(Extracted records)
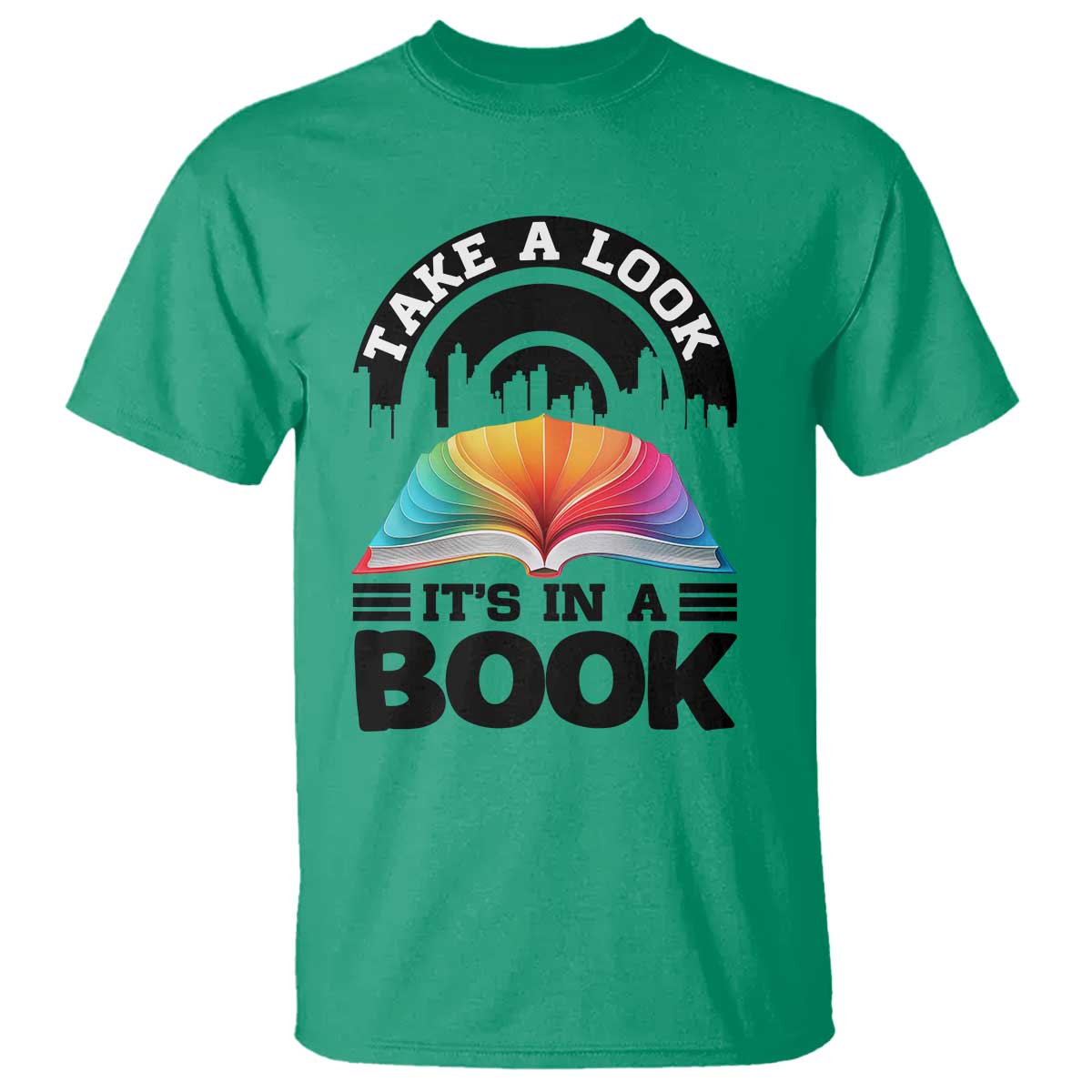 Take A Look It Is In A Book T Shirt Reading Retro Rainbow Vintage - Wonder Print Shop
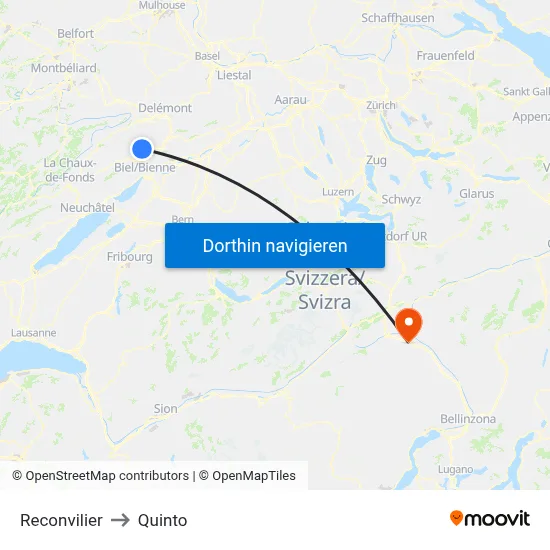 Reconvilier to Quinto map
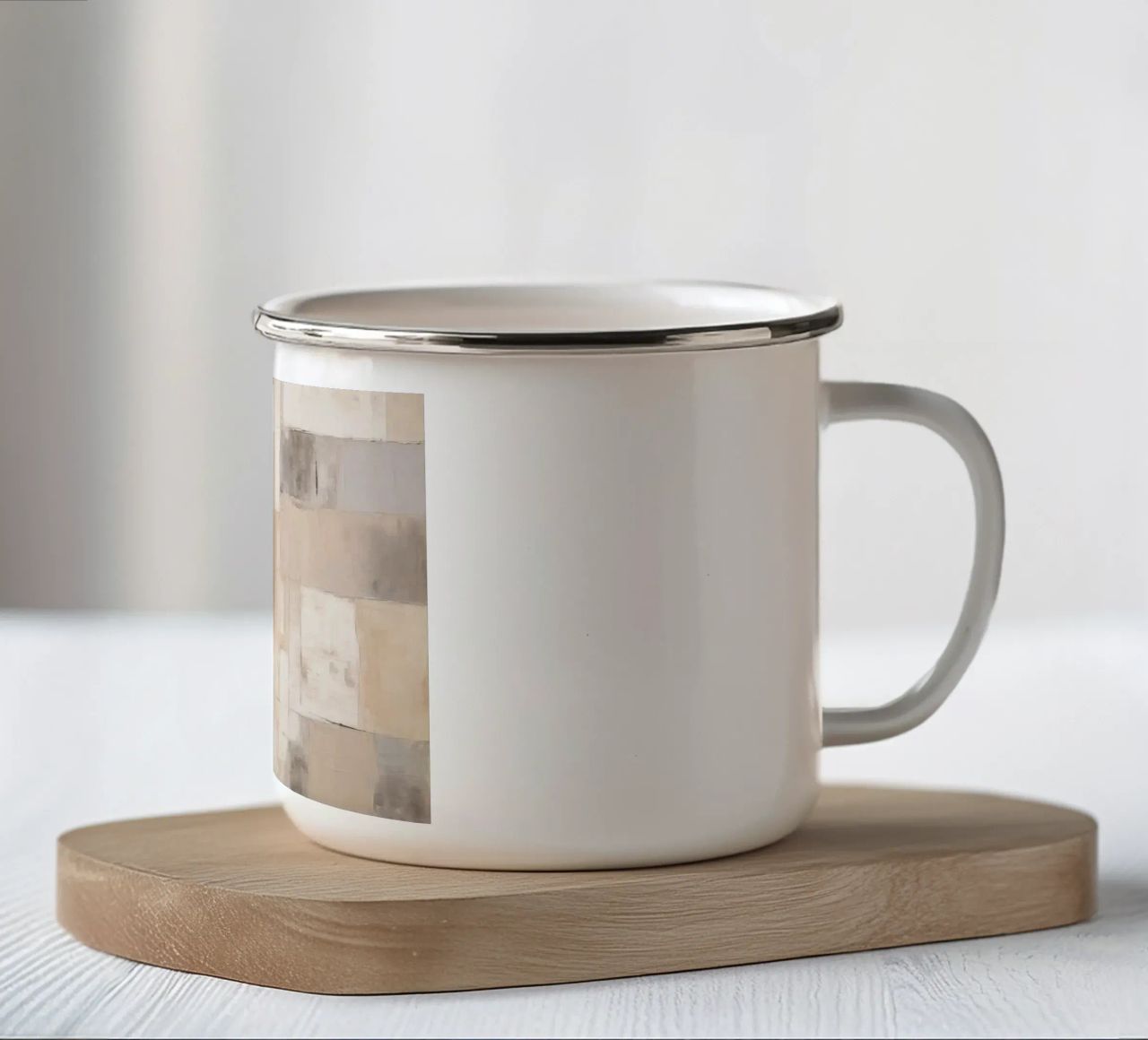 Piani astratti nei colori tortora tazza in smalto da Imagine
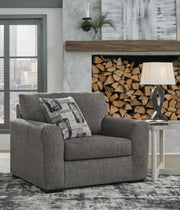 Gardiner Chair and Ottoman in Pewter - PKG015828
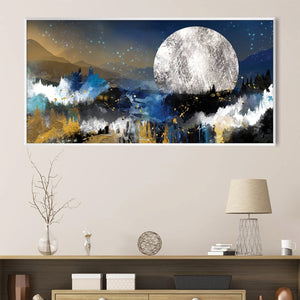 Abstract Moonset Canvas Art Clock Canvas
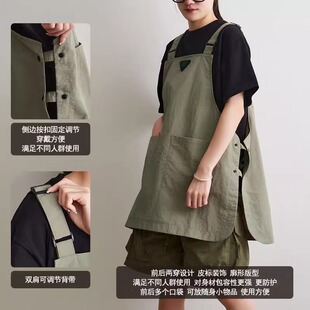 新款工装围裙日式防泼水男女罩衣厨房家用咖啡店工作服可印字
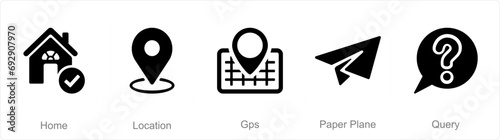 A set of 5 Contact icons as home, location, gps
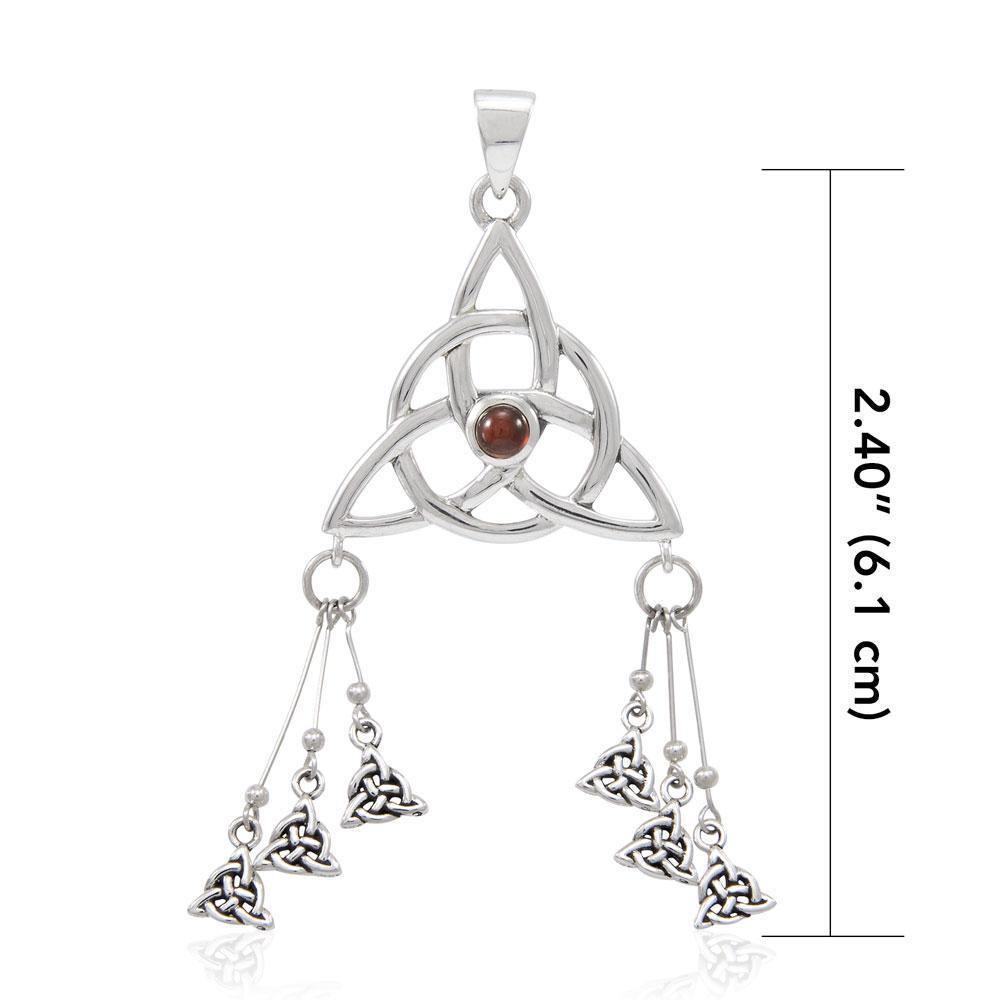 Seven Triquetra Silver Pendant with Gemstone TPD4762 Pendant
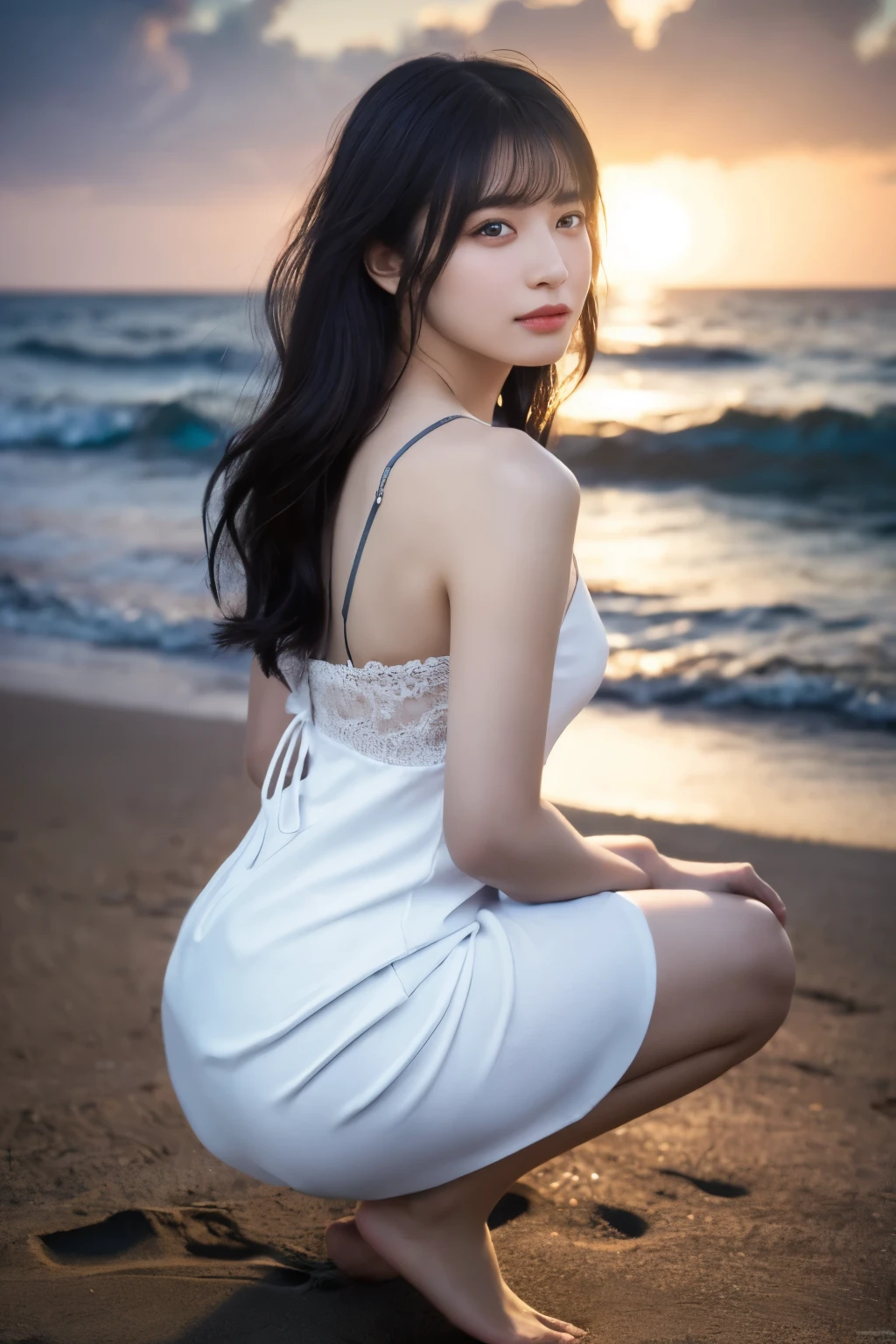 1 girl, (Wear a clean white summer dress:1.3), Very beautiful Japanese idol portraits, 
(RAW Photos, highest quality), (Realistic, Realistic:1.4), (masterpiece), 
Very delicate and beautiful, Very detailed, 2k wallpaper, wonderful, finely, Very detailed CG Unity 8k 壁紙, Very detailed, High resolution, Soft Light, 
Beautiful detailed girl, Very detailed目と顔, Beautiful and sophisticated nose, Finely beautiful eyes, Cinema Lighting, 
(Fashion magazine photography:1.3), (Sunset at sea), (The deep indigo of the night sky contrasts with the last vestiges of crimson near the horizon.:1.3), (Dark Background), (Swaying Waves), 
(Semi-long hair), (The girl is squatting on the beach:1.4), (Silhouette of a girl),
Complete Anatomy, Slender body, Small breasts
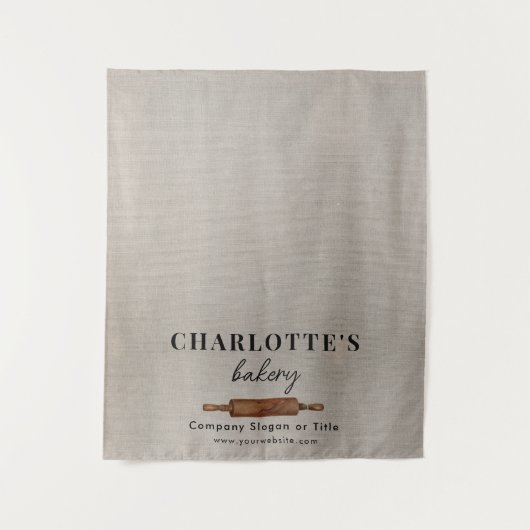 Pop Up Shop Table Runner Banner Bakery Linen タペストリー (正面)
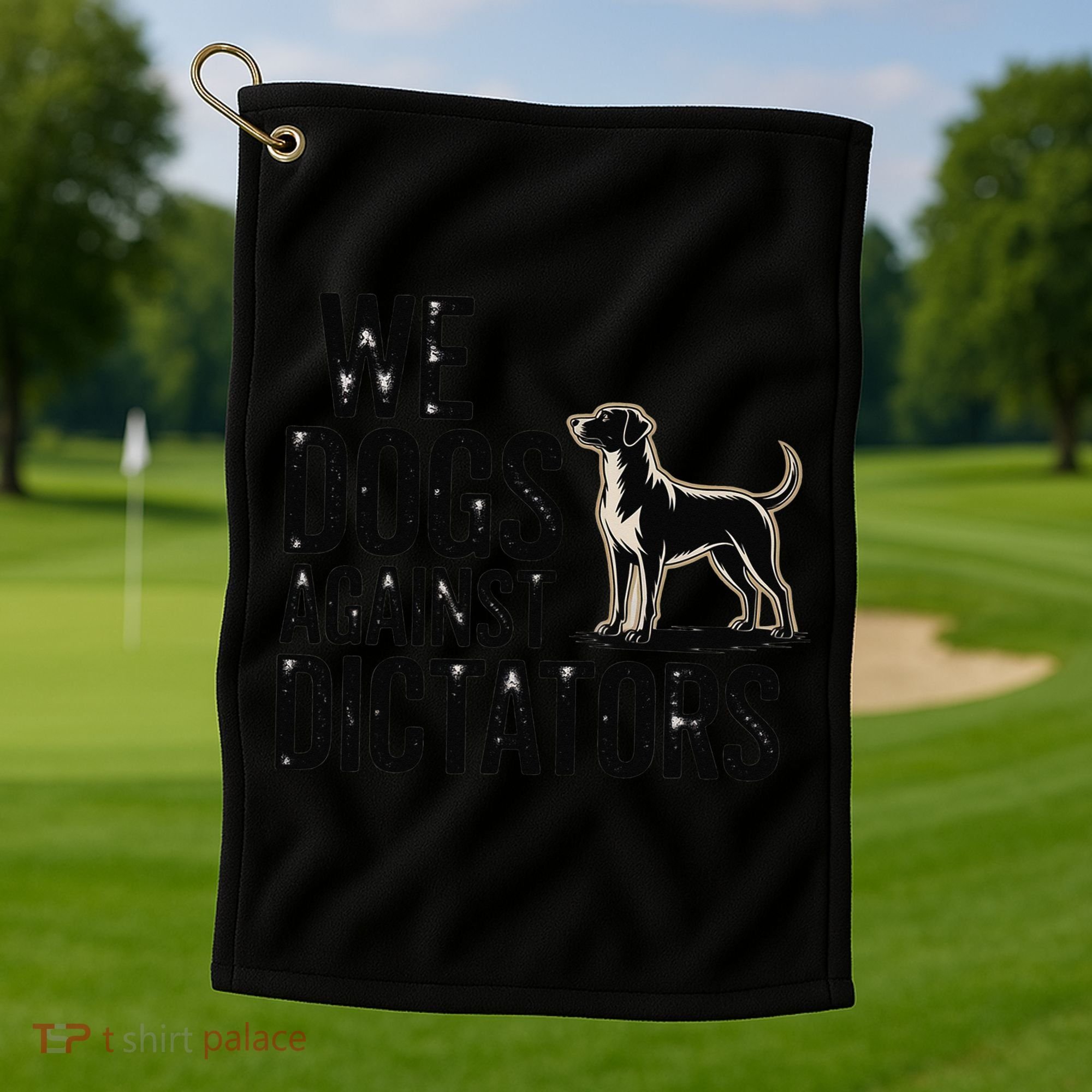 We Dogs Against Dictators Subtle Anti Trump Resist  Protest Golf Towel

### Exercise goal
Reproduce the data above exactly, but only from the line containing "A set of 5 Contact" through the line containing "Beautiful detailed girl, Very". Omit all pictures.

### Exercise answer
 A set of 5 Contact icons as home, location, gps
 Seven Triquetra Silver Pendant with Gemstone TPD4762 Pendant
 1 girl, (Wear a clean white summer dress:1.3), Very beautiful Japanese idol portraits, 
(RAW Photos, highest quality), (Realistic, Realistic:1.4), (masterpiece), 
Very delicate and beautiful, Very detailed, 2k wallpaper, wonderful, finely, Very detailed CG Unity 8k 壁紙, Very detailed, High resolution, Soft Light, 
Beautiful detailed girl, Very detailed目と顔, Beautiful and sophisticated nose, Finely beautiful eyes, Cinema Lighting, 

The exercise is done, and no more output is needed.